Topuğun dış görünümü hemen hemen her zaman normaldir, ödem ve eritem gibi yerel hastalık belirtileri yoktur. Bu hastalıkta aşil tendonunun kalkaneusa yapışma yerinin daha altından topuk alt-arka köşesi arasındaki bölgede ortaya çıkan, topuğa basma ve ayak bileğini dorsifleksiyona zorlama ile artan ağrı en sık bulgudur. Ayrıca, hastamızda olduğu gibi topuğun arka bölgesi bastırmakla hassastır ve buna “sıkma testi” denilir. Parmak ucuna basarak yürüme sırasında aşil tendonunun çekmesine bağlı bu bölgede ağrı ortaya çıkabilir (4,5).
Başlangıçta ayak grafileri genellikle normaldir. Bu nedenle Sever hastalığı öncelikle klinik olarak tanınır (1). Radyolojik incelemeler ayırıcı tanıda veya şüpheli durumlarda yardımcıdır. Normalde radyolojik olarak homojen ve düzenli görünümde olması gereken apofiz, homojenitesini kaybeder, düzensizleşir, bazen benekli, bazen de aşırı yoğunlaşma sonucu fildişi görünümü kazanır, bazen de parçalı bir görüntüde olur. Parçalanmış veya sklerotik kalkaneal apofiz, radyolojik tanı için iki önemli ana bulgudur (6-8). Hastamızın sağ ayak lateral grafisinde kalkaneal apofizde dansite artışı ve fragmantasyon olduğu belirlendi (Resim 1).
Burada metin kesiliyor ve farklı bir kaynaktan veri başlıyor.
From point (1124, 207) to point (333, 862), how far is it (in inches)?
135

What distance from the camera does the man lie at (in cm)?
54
Böylelikle Sever hastalığı tanısı kesinleşti.
Sever hastalığının tedavisi konservatiftir. Tedavi prensipleri; hasta bölgenin yükten ve zorlanmalardan kurtarılması, atlama veya zıplama tarzı sporlardan uzak durulması, topukta yumuşak tabanlıklar kullanılması, gastroknemius-soleus kas kompleksini germe ve güçlendirme hareketleri ve gerekirse anti-enflamatuar ve analjezik ilaç kullanımı ve buz uygulamaları şeklindedir (5,8).
Sonuç olarak, Sever hastalığı hareketli çocuklarda sık görülen, selim ancak yaşam kalitesini bozabilen bir durumdur. Bu olgu sunumunda, hastalığa dikkat çekmek ve ortopedistlerin çok iyi bildiği Sever hastalığı konusunda pediatristlerde de farkındalık yaratmak amaçlandı.